The required output is the lines from the one with "Master bedroom has a fan and 1/2 bath." through the end of the data, repeated verbatim, with no pictures included.

BEGIN

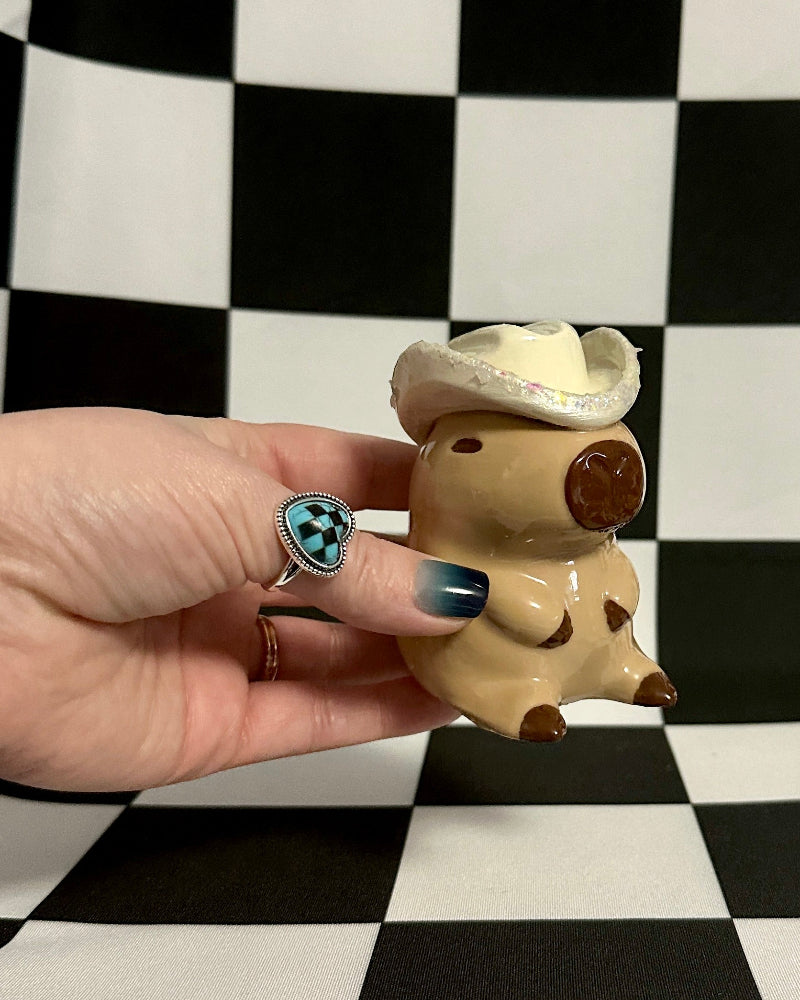 Hand holding a small figurine against a black and white checkered background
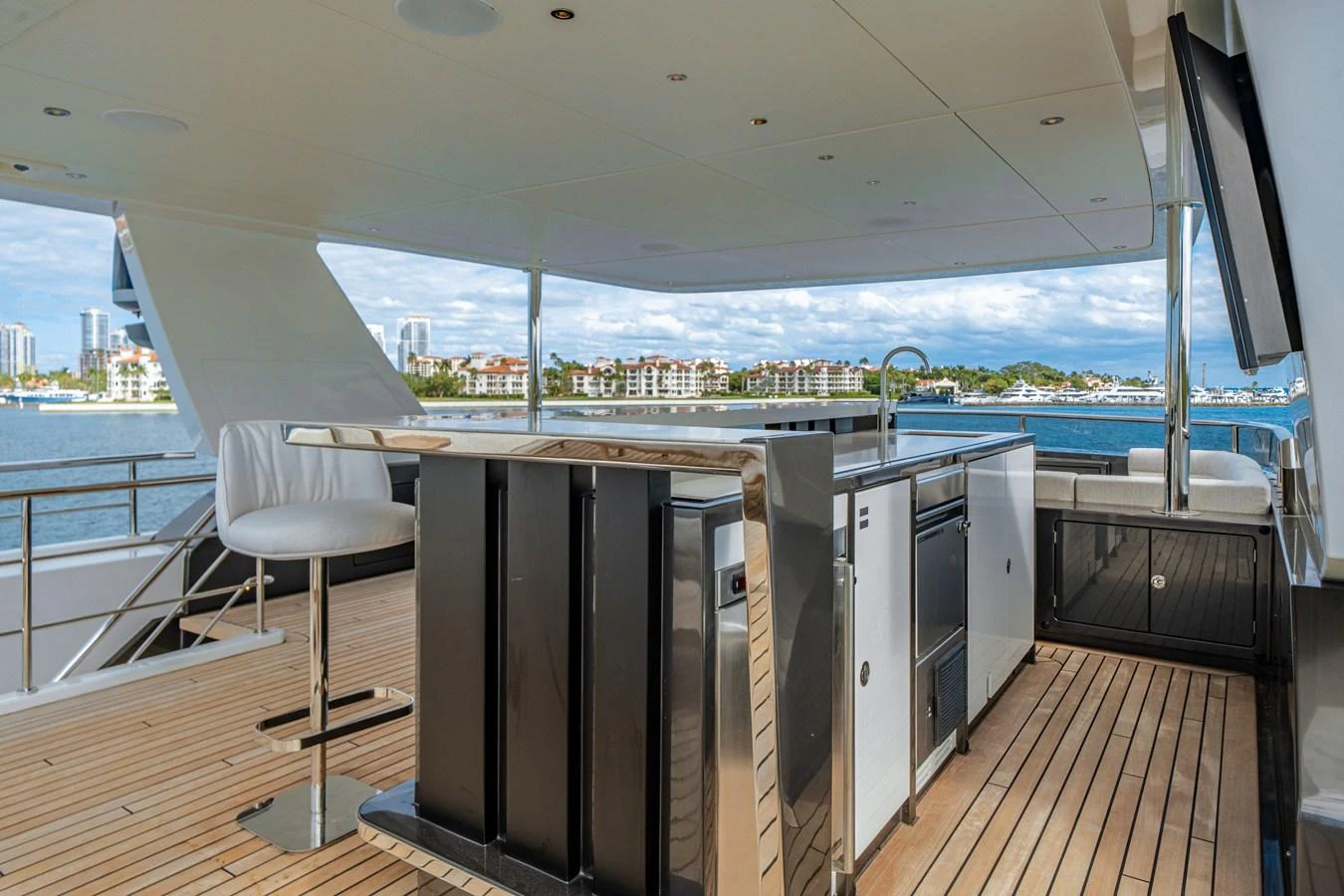 The flybridge features a sleek bar area with modern seating and panoramic views. aboard OCEAN ALEXANDER 35P05 Yacht for Sale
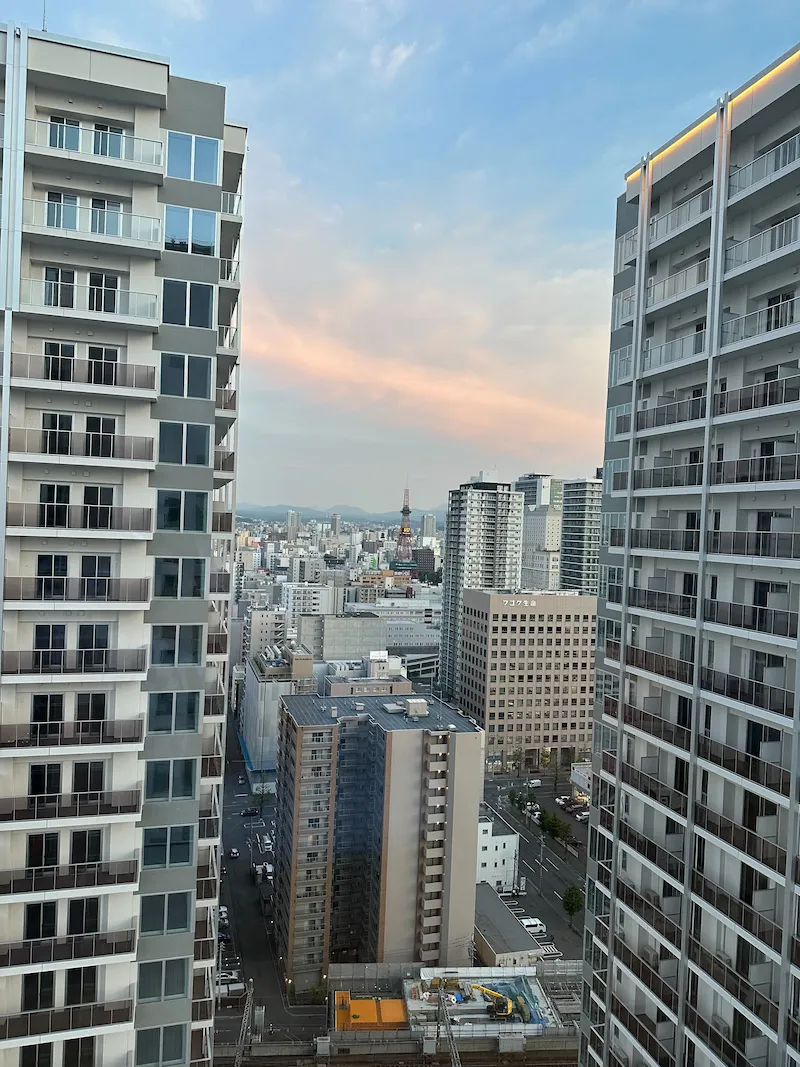 A high-rise view of the Sapporo city skyline and apartment buildings during sunset, with the TV Tower visible in the distance.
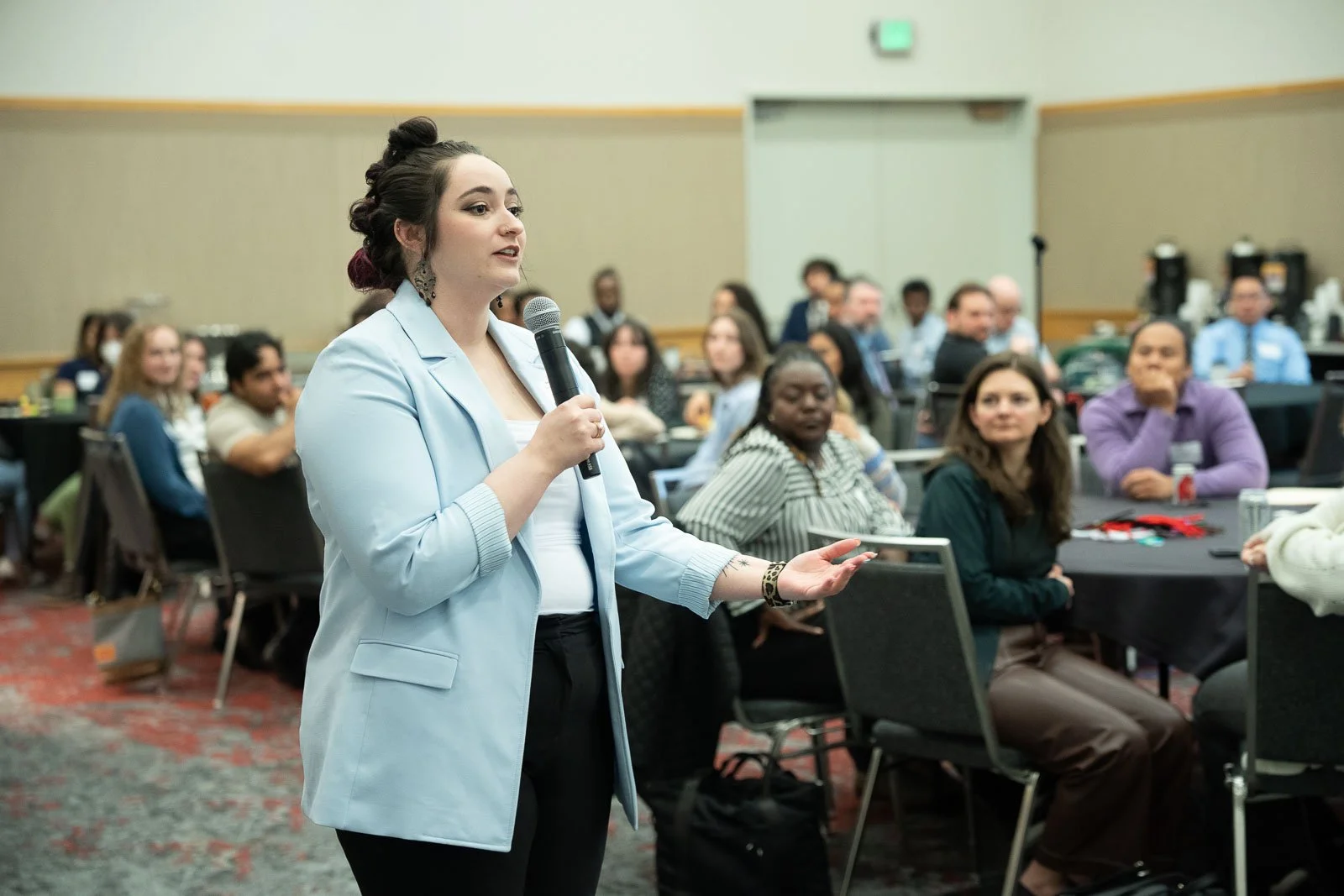 A woman asks a question in a conference hall at the APHL annual meeting
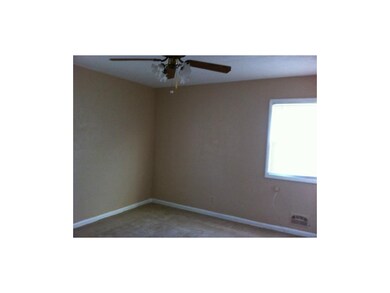 Master bedroom has a fan and 1/2 bath.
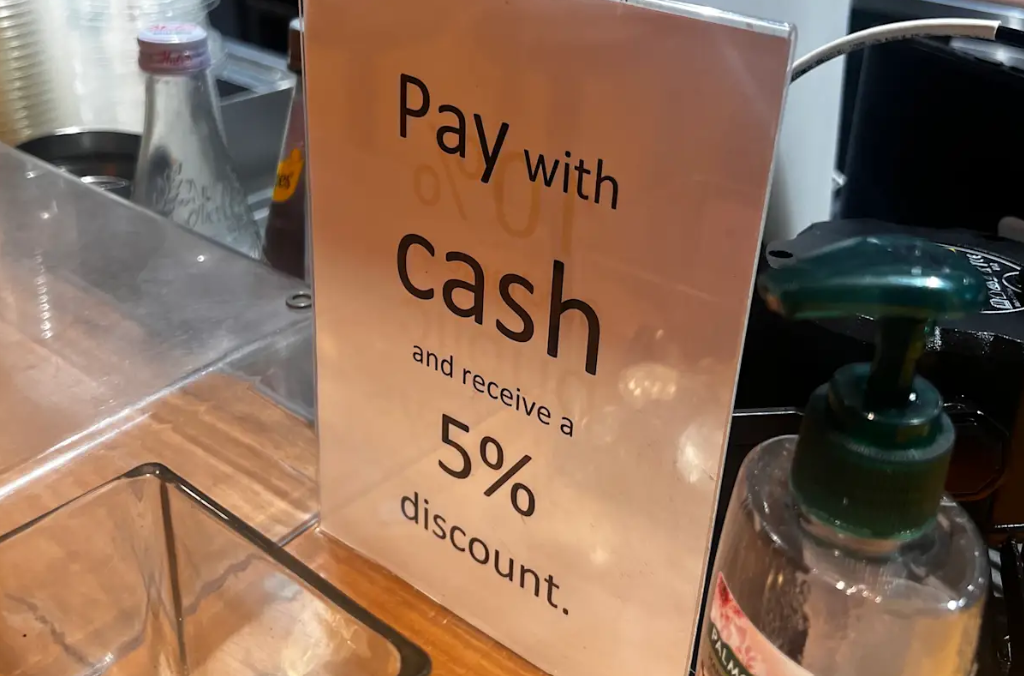 Since the credit card surcharge ban, hospitality venues have begun displaying signs offering discounts for cash. Pictured: Doodee King. Jo Abi Since the credit card surcharge ban, hospitality venues have begun displaying signs offering discounts for cash. Pictured: Doodee King. Jo Abi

END

◆ Exercise response ◆
 Master bedroom has a fan and 1/2 bath.
 Since the credit card surcharge ban, hospitality venues have begun displaying signs offering discounts for cash. Pictured: Doodee King. Jo Abi Since the credit card surcharge ban, hospitality venues have begun displaying signs offering discounts for cash. Pictured: Doodee King. Jo Abi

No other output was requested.